Making the Web Work for Media Apps
[Editor's Note: This is a vendor-written article. StreamingMedia.com accepts vendor-written articles based upon their usefulness to our readers.]
Consumers have grown to expect rich online media experiences because the most successful players have set the bar for high quality interactions. As a result, media companies are under pressure to quickly and cost-effectively deliver content that is also engaged through interactive and personalized experiences. Most media companies have invested heavily in infrastructure that can deliver video across many platforms, while looking to integrate social media and more. To deliver the best experience, media companies and content distributors must focus on designing application architectures that are ever more scalable, reliable and high-performing in order to enable user experience innovation.
Evolving Best Practices for Multiplatform Media Apps
Developing a deep understanding of how users interact with an application or service is the first step toward evolving infrastructure to meet current and future needs. This includes identifying common video usage patterns and navigation trends to determine where response times are most critical, where data must be reliable and where performance bottlenecks could manifest. This will ultimately inform where investments need to be made for scalability.

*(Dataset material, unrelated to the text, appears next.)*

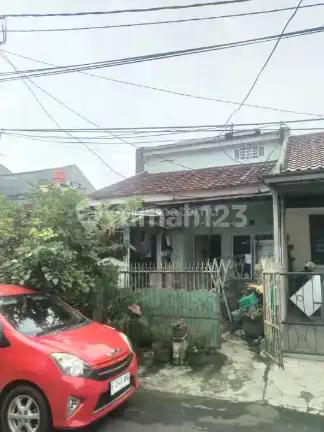 Dijual Rumah 1,5 Lantai Apa Adanya di Melati Mas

In order to support the constant barrage of new devices, application design and its implementation must ensure functionality is modular. This simplifies the reuse of common elements, discourages silos, and enables rapid, cost-effective product evolution. A modular design also makes it easier to publish internal data and services to third parties to expand audience reach.

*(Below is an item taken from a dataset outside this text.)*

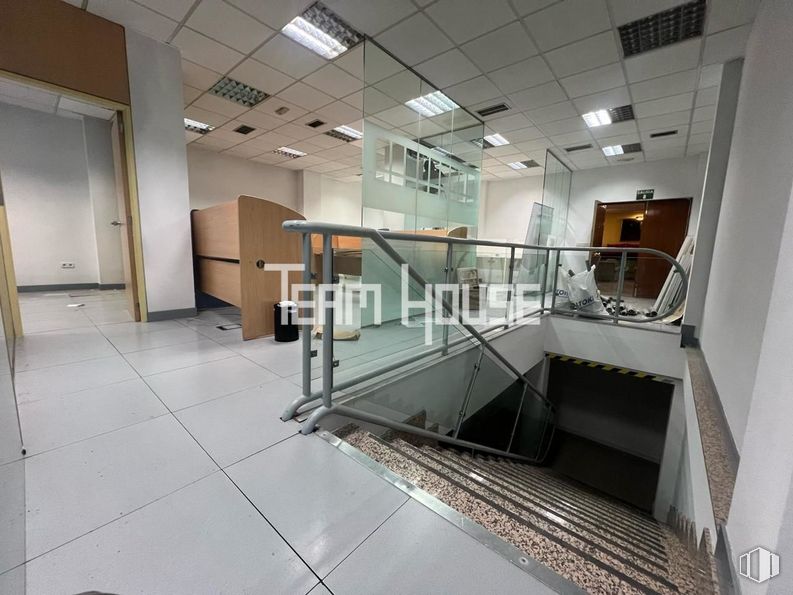 Oficina en venta en Zona Castilla, Chamartín, Madrid, 28036 con edificio, accesorio, interiorismo, suelos, suelo, vidrio, techo, aluminio, material compuesto y hall alrededor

Consumers are increasingly unwilling to put up with applications that have sluggish performance, regardless of content quality.
Preventing bottlenecks as an application grows in popularity is important. Bottlenecks are often caused by a “stateful lock,” in which certain application elements are prevented from executing while they wait for another to finish. When this happens, high loads can quickly compound, cause congestion and potentially bring down infrastructure.

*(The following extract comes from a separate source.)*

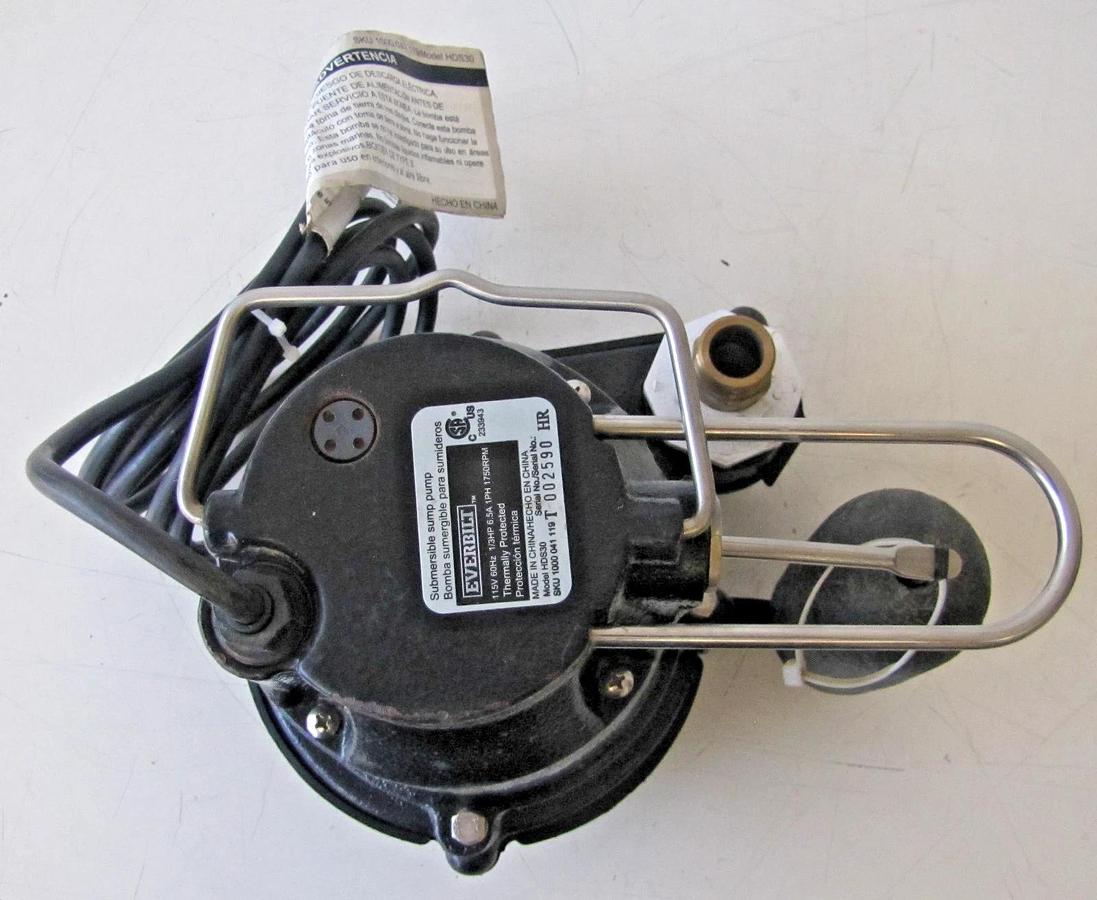 Used Everbilt Submersible Utility Sump Pump 1/3 HP 115V 6.5 Amps with Float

We’ve found that it is important to plan architecture roadmaps carefully with the right technologies and integrations, so that the infrastructure scales and performs to meet the forecasted consumer demand. For example, NoSQL technologies can balance high read or high write performance with the need for consistent data integrity across data centers or geographies. These solutions can allow for increased performance scenarios where the business has deemed it acceptable to serve “stale” data occasionally (in terms of seconds). This allows a service to defer the non-critical data synchronization, while proceeding with more critical functionality such as video streaming or page loads.
Performance can also be improved through richer client-side application caching, pre-fetching or asynchronous request models. This is particularly important for improving high-bandwidth applications such as video.
Adaptive bit rate has proven effective in delivering a seamless video streaming experience by adjusting bitrate based on the user’s available bandwidth. Client-side caching of HTTP chunks (e.g. in two-second fragments) can also improve the perceived user experience. Performance can be further improved by leveraging multiple CDNs and ensuring seamless failover between them.
DRM issues can impact video performance. For instance, license acquisition can delay video playback. This can be addressed by keeping the beginning of a video unencrypted and allowing playback to start quickly while a license request for the full content is acquired in the background. DRM performance issues can also be mitigated by extending the license window and/or caching licenses on the device.
Planning for tomorrow’s demand, today, will help guide investments in an infrastructure that grows as your business grows.
Infrastructure should be purposefully designed with those architecture demands in mind in order to reduce scaling challenges. To that end, applications that leverage modular API calls for individual application components will bring a much higher degree of scalability to a growing service.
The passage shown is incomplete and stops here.